**Brief**
Lift every line from the entries that includes the word "both".

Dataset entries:
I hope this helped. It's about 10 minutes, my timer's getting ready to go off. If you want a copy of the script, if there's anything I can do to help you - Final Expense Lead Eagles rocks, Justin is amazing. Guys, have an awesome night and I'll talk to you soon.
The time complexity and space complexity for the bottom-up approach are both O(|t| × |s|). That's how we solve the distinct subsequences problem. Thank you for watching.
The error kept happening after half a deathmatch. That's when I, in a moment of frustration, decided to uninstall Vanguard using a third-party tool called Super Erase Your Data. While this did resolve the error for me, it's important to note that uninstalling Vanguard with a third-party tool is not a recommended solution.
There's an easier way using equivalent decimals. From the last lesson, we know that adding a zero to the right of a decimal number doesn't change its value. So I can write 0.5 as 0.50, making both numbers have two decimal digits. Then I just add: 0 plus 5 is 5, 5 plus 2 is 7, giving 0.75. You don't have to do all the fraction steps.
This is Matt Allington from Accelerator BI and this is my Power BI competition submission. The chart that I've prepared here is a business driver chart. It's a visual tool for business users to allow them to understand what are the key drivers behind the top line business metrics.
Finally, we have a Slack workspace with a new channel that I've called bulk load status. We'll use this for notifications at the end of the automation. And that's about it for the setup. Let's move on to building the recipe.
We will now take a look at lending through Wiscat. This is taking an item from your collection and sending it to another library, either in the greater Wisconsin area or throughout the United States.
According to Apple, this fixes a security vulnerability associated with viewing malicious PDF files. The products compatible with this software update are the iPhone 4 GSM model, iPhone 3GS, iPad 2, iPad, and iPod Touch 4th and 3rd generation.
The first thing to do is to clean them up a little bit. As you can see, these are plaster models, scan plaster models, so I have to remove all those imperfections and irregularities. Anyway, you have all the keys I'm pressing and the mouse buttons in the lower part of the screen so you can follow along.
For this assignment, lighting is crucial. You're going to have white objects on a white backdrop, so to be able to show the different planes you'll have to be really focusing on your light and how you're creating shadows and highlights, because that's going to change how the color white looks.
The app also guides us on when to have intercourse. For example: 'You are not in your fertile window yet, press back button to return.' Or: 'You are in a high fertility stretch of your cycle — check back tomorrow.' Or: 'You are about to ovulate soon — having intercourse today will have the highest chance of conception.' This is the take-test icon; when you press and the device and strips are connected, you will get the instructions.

**Task answer**
The time complexity and space complexity for the bottom-up approach are both O(|t| × |s|). That's how we solve the distinct subsequences problem. Thank you for watching.
There's an easier way using equivalent decimals. From the last lesson, we know that adding a zero to the right of a decimal number doesn't change its value. So I can write 0.5 as 0.50, making both numbers have two decimal digits. Then I just add: 0 plus 5 is 5, 5 plus 2 is 7, giving 0.75. You don't have to do all the fraction steps.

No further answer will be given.